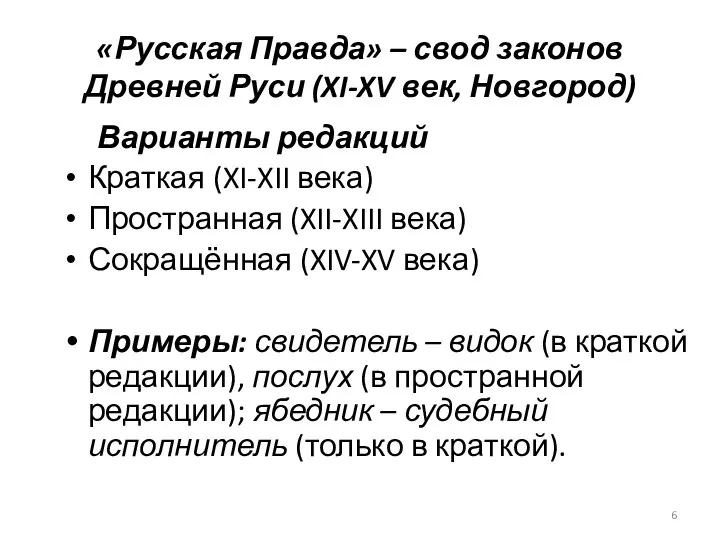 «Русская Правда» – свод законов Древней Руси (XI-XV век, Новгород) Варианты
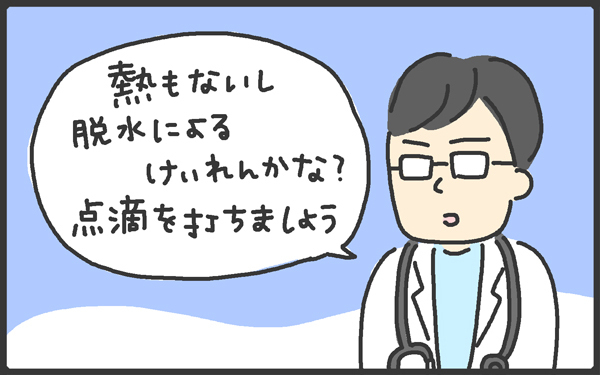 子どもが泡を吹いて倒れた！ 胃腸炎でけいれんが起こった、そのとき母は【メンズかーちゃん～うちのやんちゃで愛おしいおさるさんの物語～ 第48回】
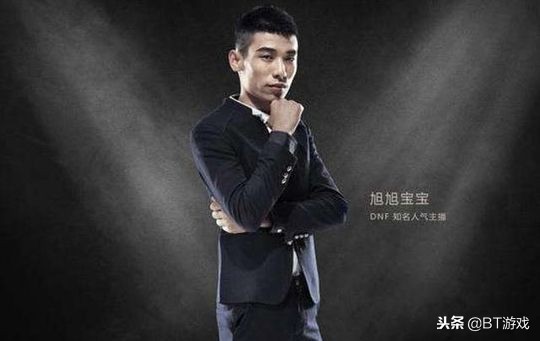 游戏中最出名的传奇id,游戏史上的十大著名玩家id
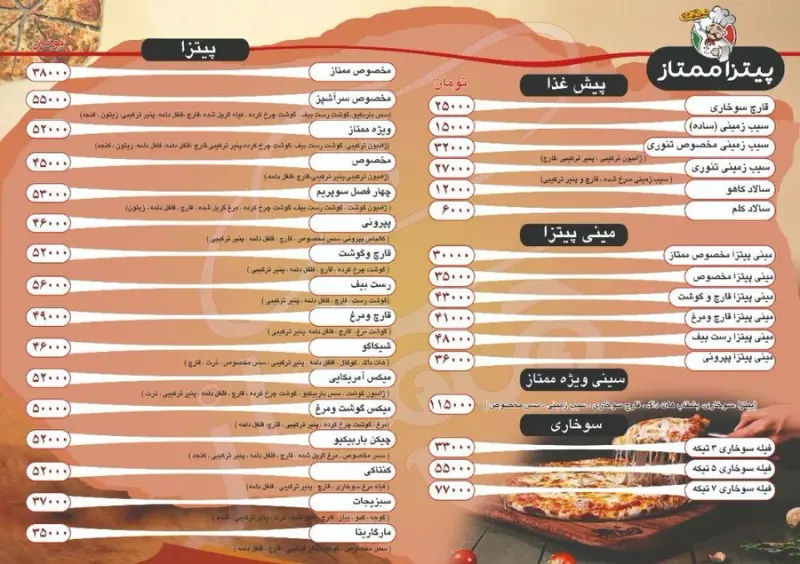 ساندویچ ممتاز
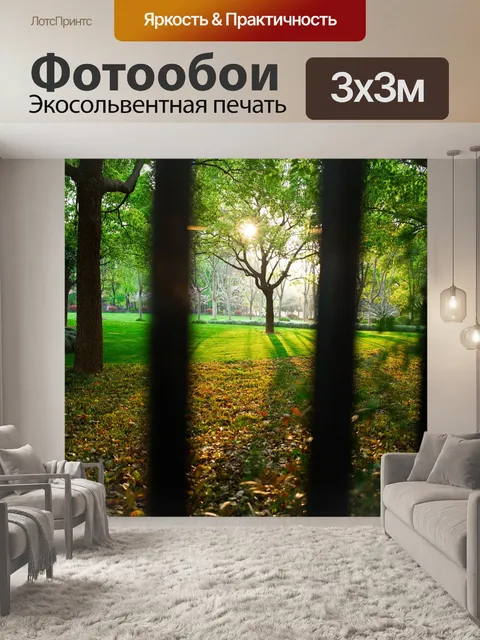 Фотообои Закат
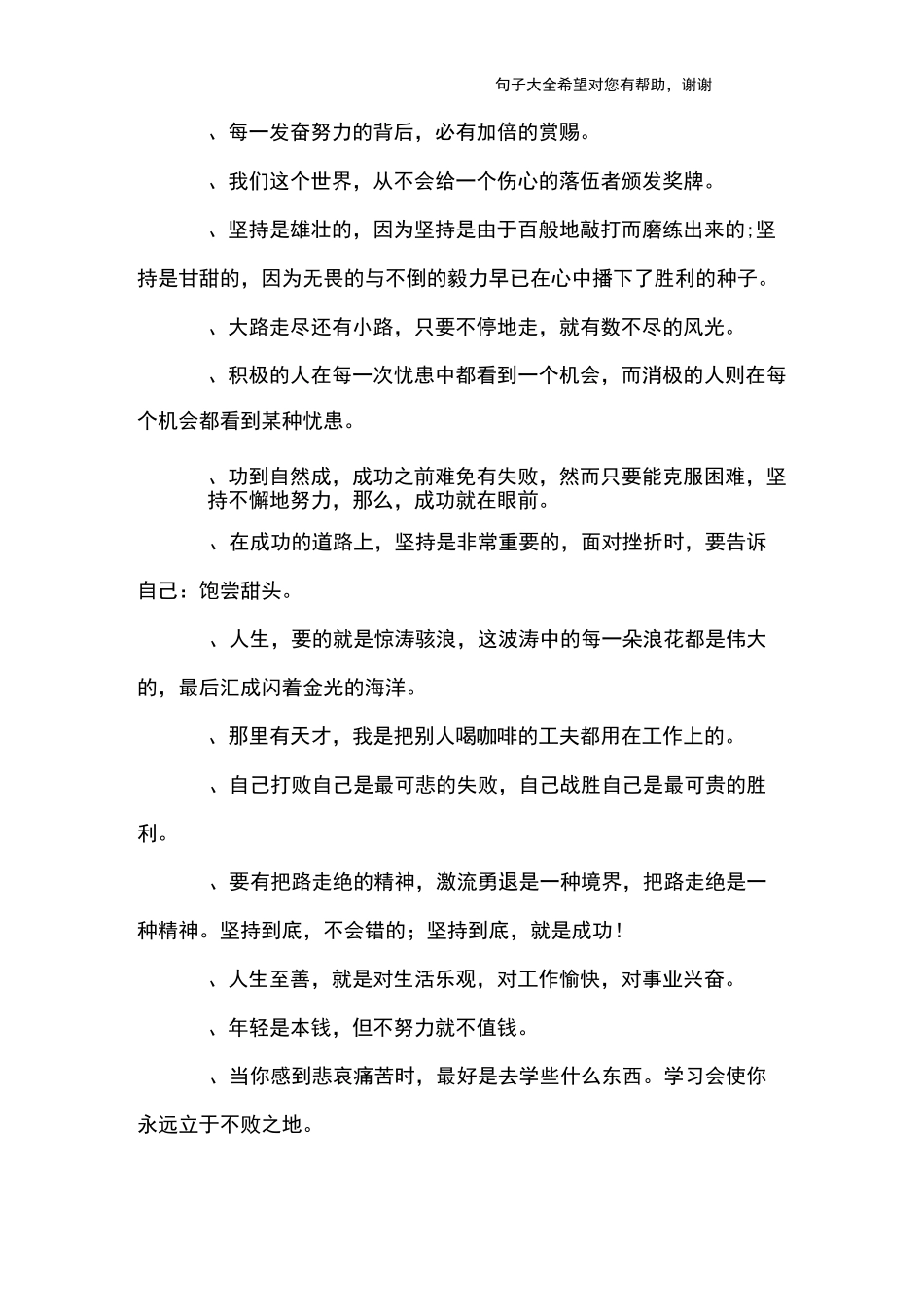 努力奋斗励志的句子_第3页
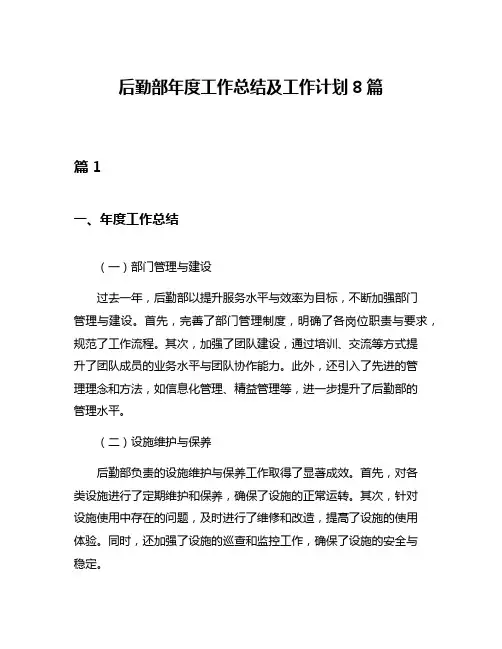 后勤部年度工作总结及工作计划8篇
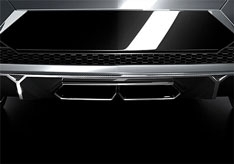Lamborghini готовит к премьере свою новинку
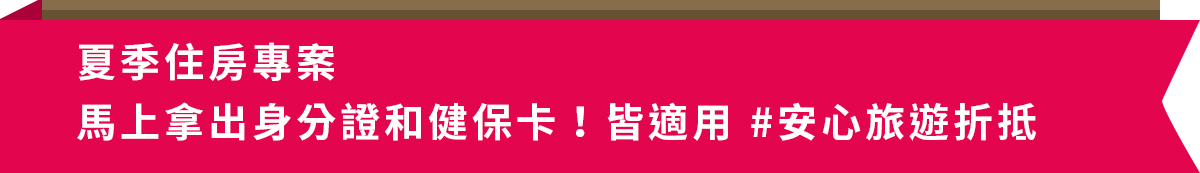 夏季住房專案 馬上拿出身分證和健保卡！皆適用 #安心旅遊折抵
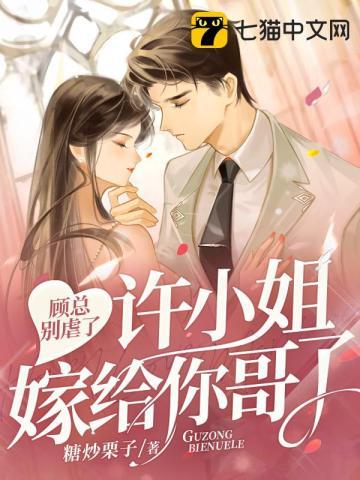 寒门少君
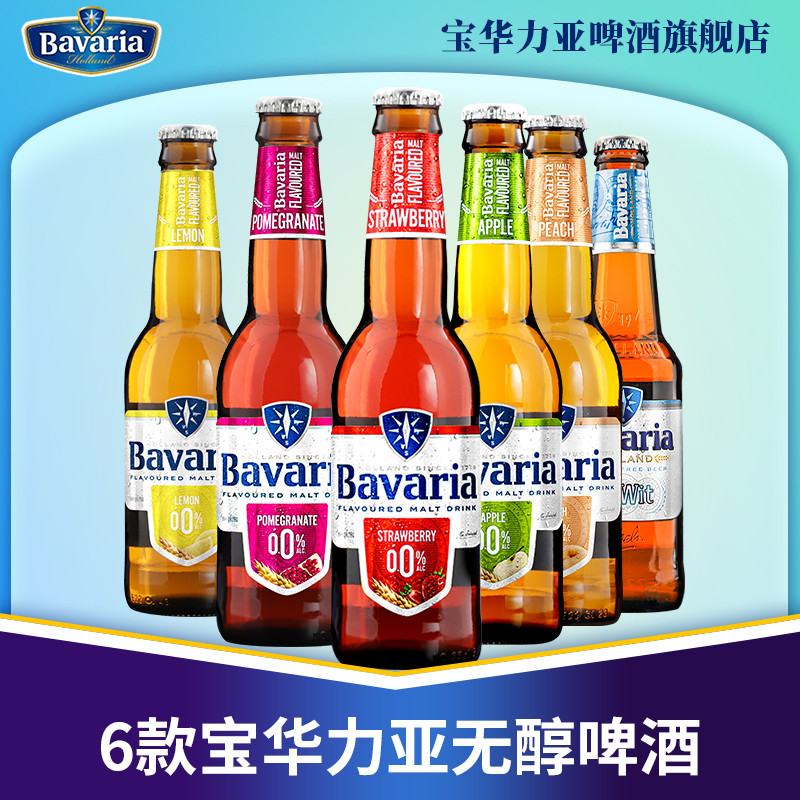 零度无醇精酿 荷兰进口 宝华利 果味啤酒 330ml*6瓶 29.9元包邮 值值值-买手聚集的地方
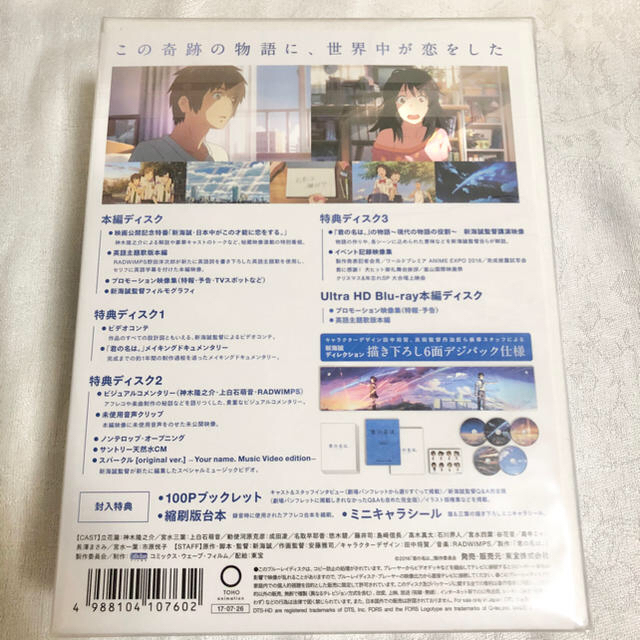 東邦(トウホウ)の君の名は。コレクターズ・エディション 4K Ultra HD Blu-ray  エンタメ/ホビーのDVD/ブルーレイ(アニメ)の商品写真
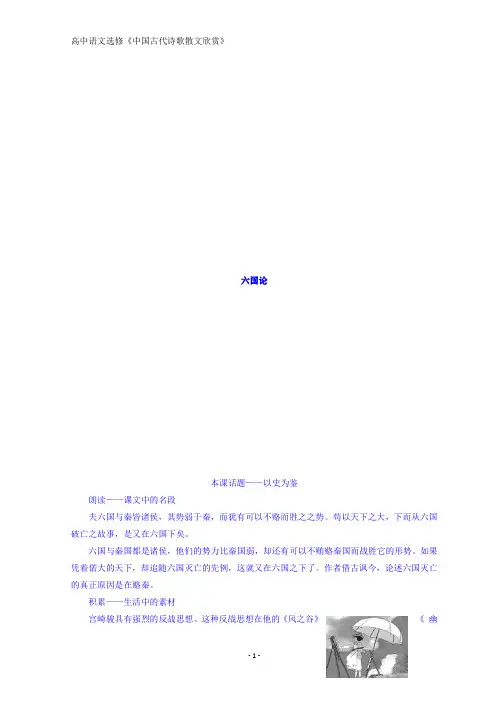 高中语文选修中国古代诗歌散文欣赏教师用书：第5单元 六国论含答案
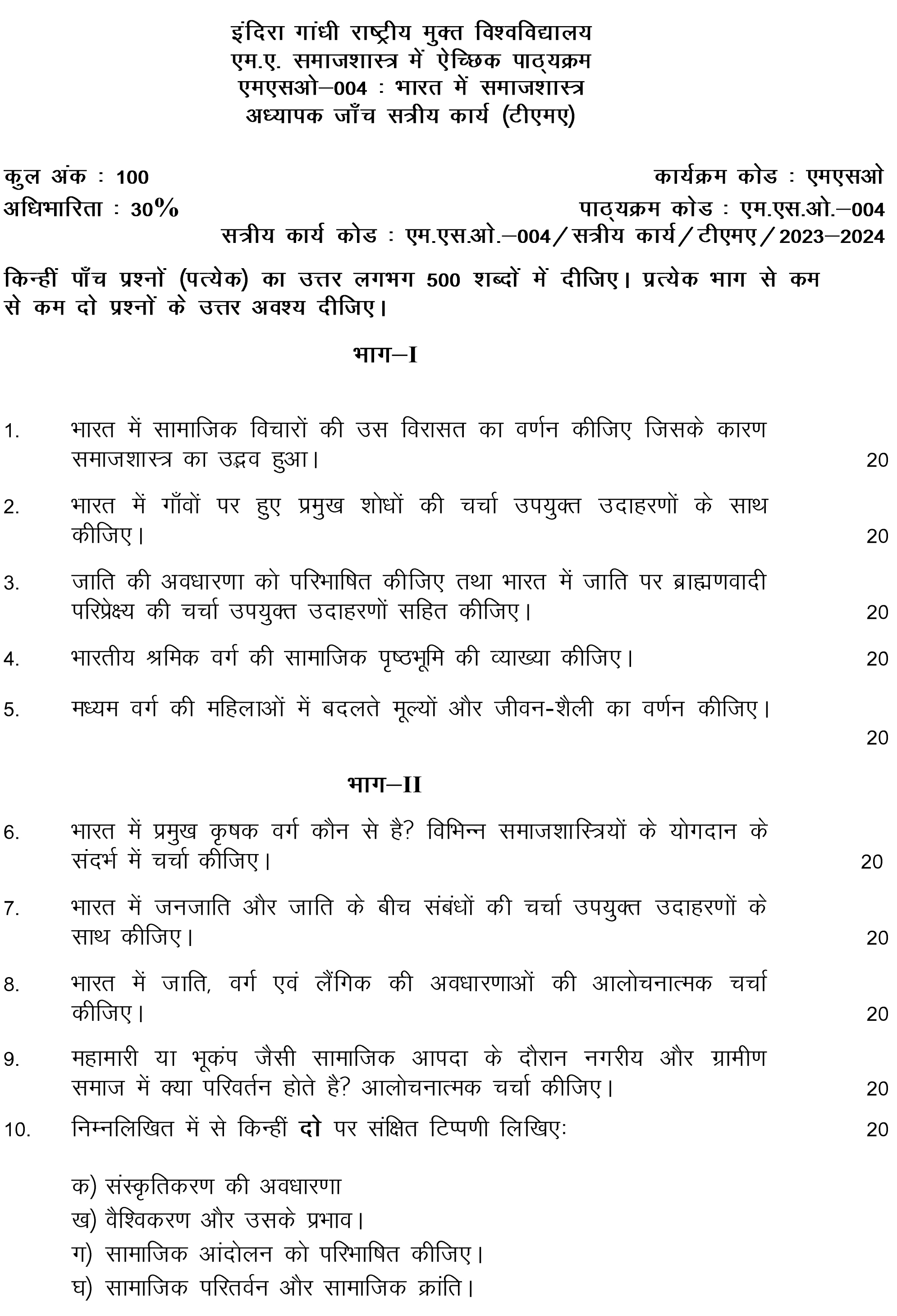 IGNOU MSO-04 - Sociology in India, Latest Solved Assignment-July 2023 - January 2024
┄┄┄┄┄┄┄┄┄┄
Exercise:
With pictures excluded, copy exactly the lines from the line containing "游戏中最出名的传奇id,游戏史上的十大著名玩家id" through the last line of the listing above, both ends included.

Your response:
 游戏中最出名的传奇id,游戏史上的十大著名玩家id
 ساندویچ ممتاز
 Фотообои Закат
 努力奋斗励志的句子_第3页
 后勤部年度工作总结及工作计划8篇
Lamborghini готовит к премьере свою новинку
 夏季住房專案 馬上拿出身分證和健保卡！皆適用 #安心旅遊折抵
 寒门少君
 零度无醇精酿 荷兰进口 宝华利 果味啤酒 330ml*6瓶 29.9元包邮 值值值-买手聚集的地方
 東邦(トウホウ)の君の名は。コレクターズ・エディション 4K Ultra HD Blu-ray  エンタメ/ホビーのDVD/ブルーレイ(アニメ)の商品写真
 高中语文选修中国古代诗歌散文欣赏教师用书：第5单元 六国论含答案
 IGNOU MSO-04 - Sociology in India, Latest Solved Assignment-July 2023 - January 2024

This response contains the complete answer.